WORK ORDER:
Excluding pictures, reproduce word for word the lines from the one containing "The Diary of" through the end of the material below.

-------- DATA LISTING

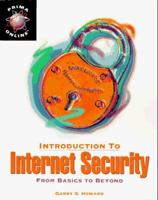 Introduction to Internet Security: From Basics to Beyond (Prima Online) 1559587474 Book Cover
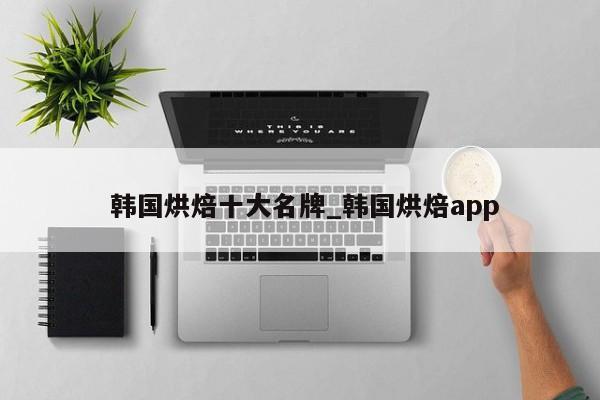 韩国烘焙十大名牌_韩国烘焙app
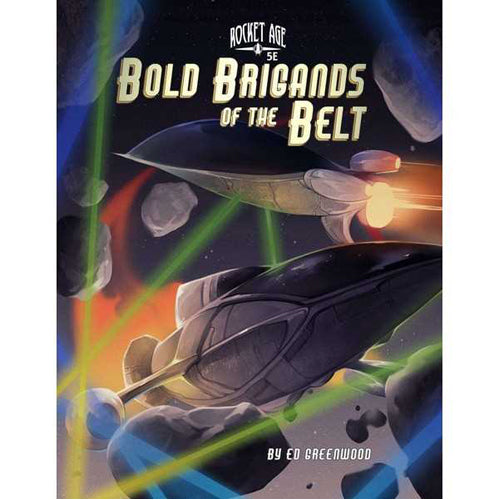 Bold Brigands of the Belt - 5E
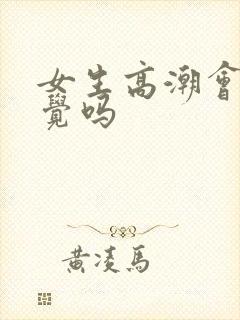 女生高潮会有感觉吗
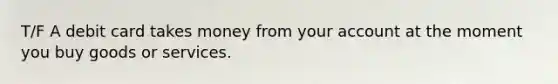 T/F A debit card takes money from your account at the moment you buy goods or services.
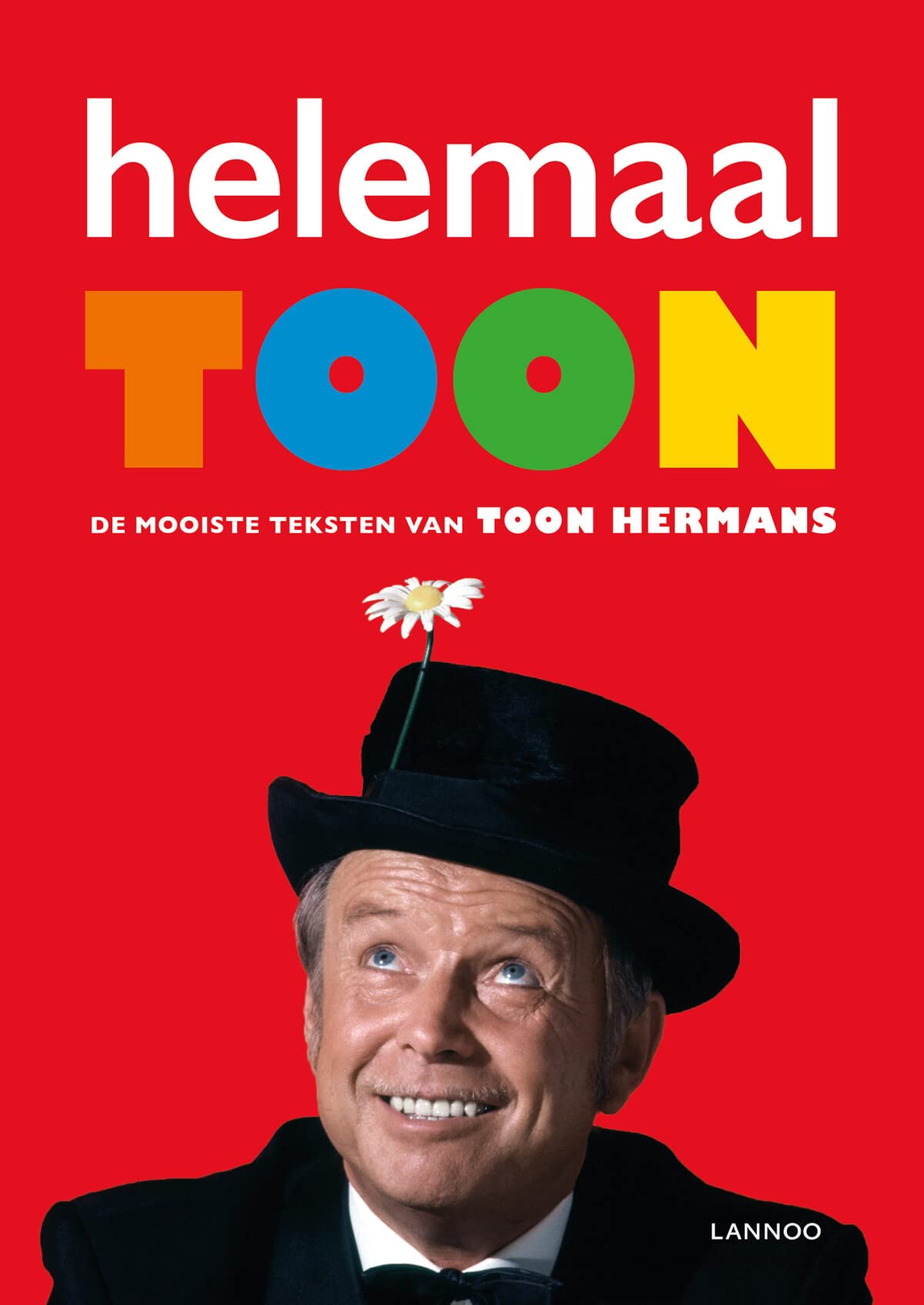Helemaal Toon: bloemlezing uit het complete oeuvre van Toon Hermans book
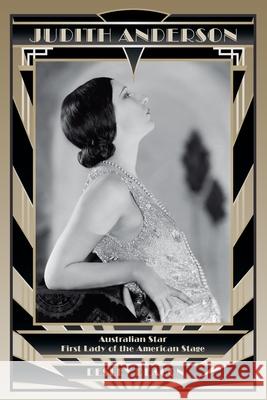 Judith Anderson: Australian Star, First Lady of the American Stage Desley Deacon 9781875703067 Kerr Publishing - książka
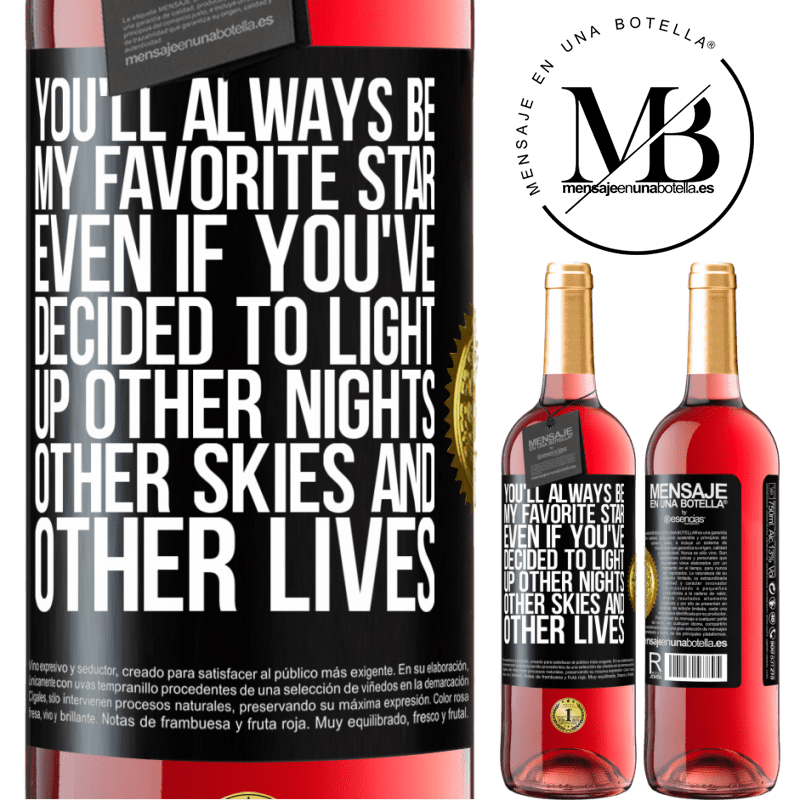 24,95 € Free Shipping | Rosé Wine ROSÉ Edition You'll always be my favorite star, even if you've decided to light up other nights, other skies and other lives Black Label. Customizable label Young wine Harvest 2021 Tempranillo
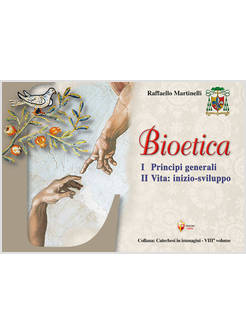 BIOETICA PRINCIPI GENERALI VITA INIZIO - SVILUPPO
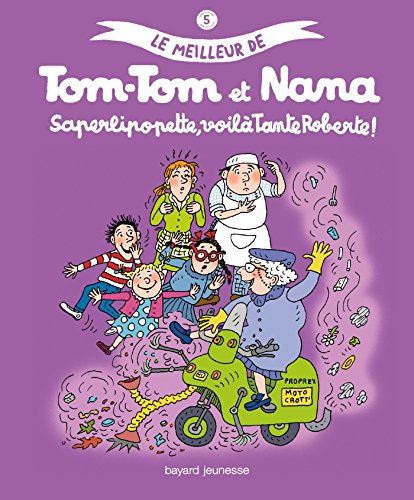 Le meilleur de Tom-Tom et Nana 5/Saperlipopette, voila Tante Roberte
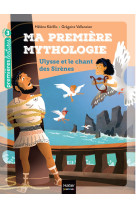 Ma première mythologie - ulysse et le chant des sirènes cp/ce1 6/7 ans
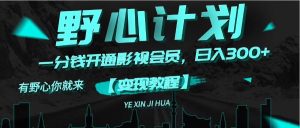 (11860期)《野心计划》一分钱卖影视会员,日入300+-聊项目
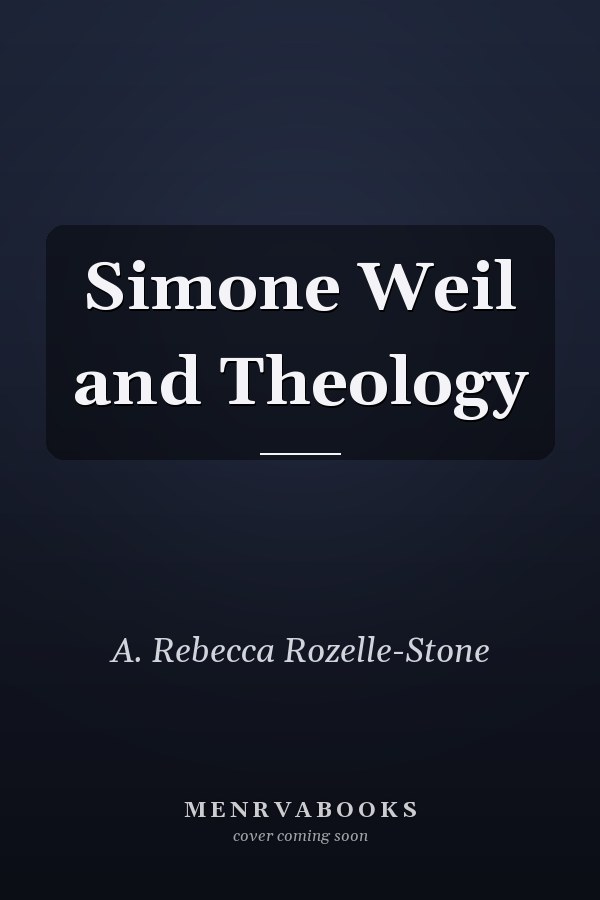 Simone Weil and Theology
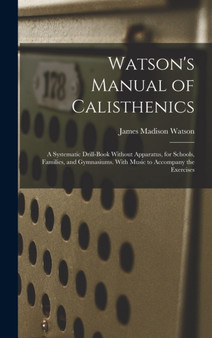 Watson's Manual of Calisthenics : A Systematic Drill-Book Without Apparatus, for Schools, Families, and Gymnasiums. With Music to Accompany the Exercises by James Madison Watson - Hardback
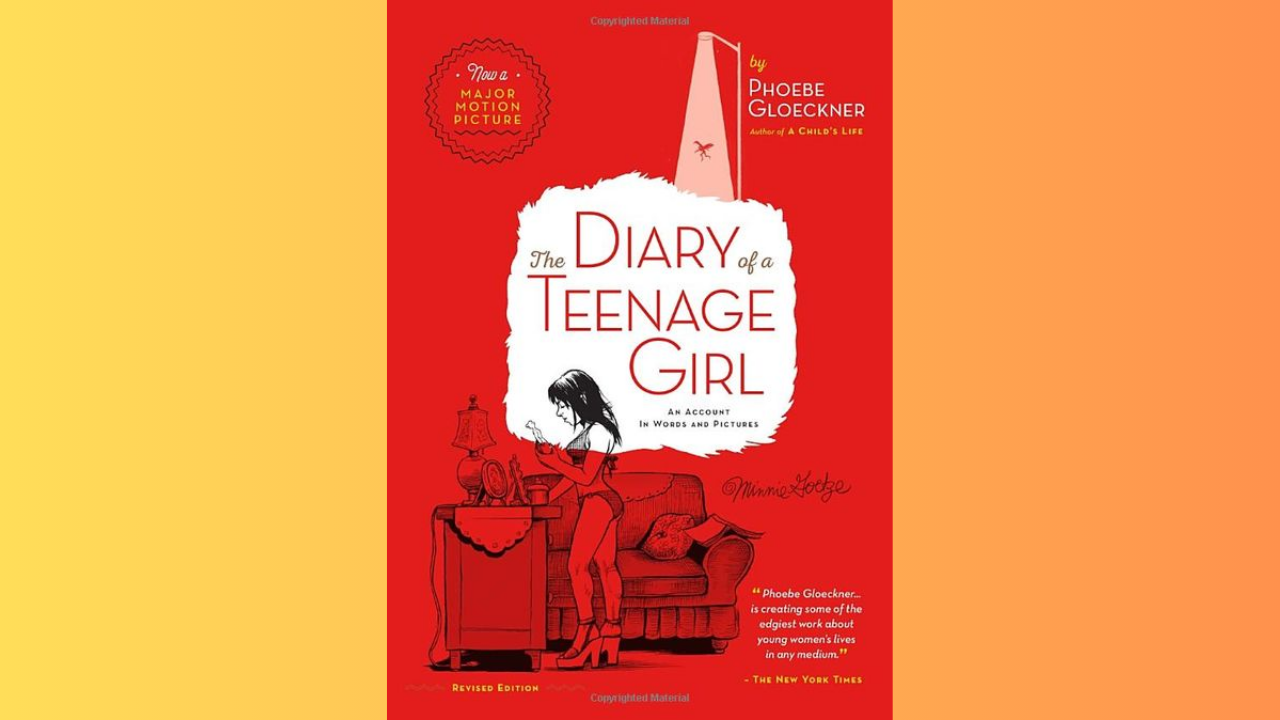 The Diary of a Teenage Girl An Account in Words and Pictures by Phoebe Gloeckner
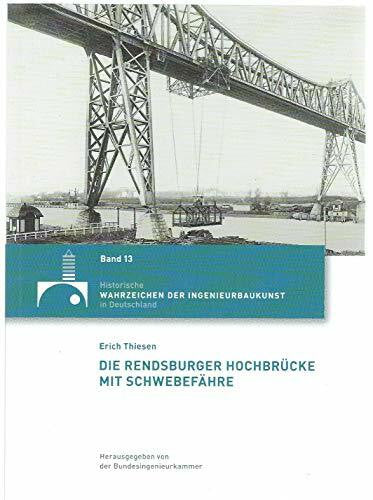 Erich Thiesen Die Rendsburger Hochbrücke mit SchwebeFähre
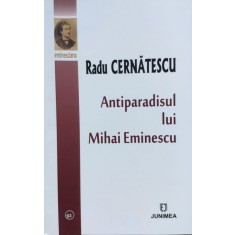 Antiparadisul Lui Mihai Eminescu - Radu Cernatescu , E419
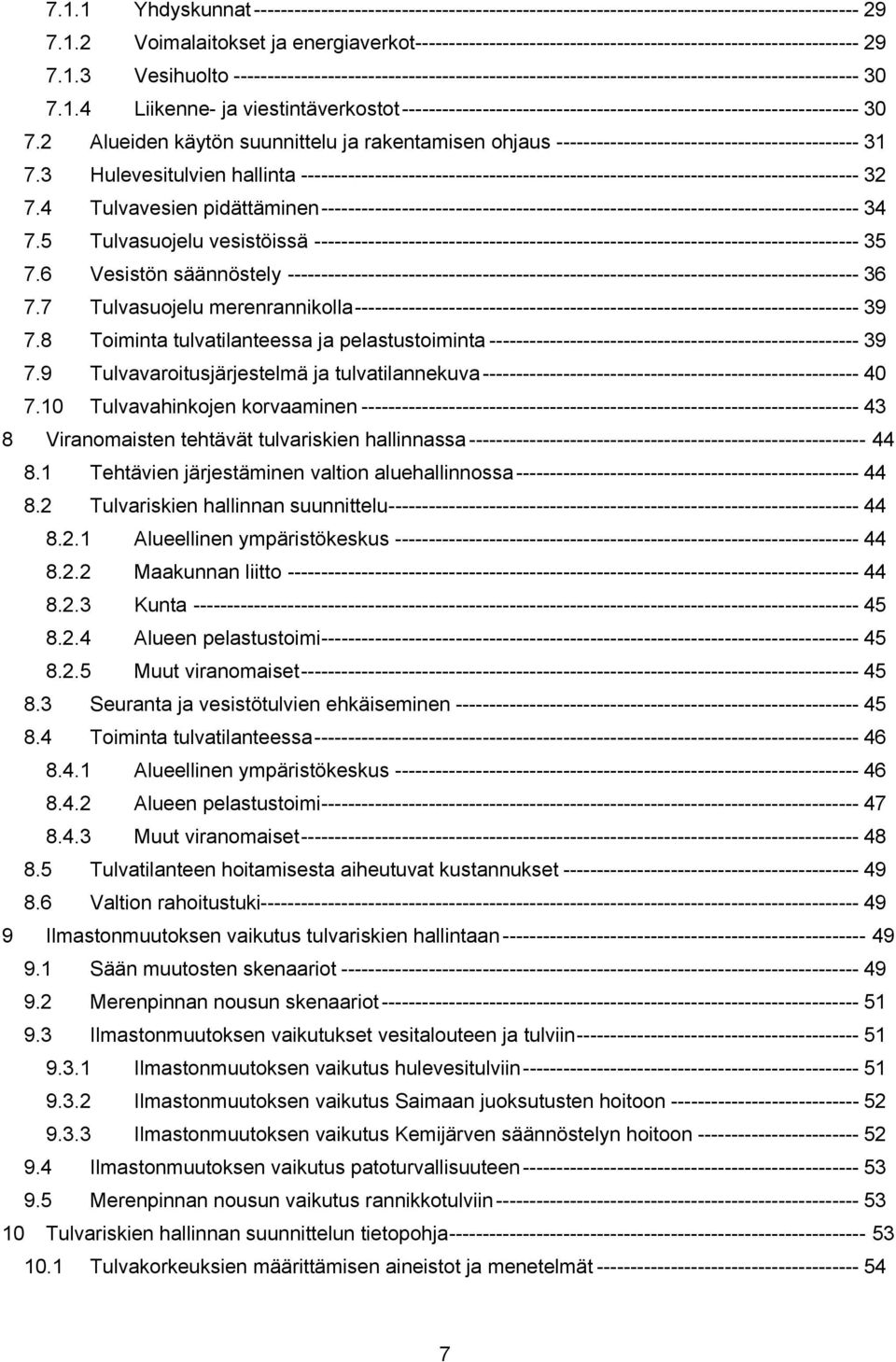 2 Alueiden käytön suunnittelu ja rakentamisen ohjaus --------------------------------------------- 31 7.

----------------

WRITTEN SOLUTION:
 The Diary of a Teenage Girl An Account in Words and Pictures by Phoebe Gloeckner
 Erich Thiesen Die Rendsburger Hochbrücke mit SchwebeFähre
 Antiparadisul Lui Mihai Eminescu - Radu Cernatescu , E419
 2 Alueiden käytön suunnittelu ja rakentamisen ohjaus --------------------------------------------- 31 7.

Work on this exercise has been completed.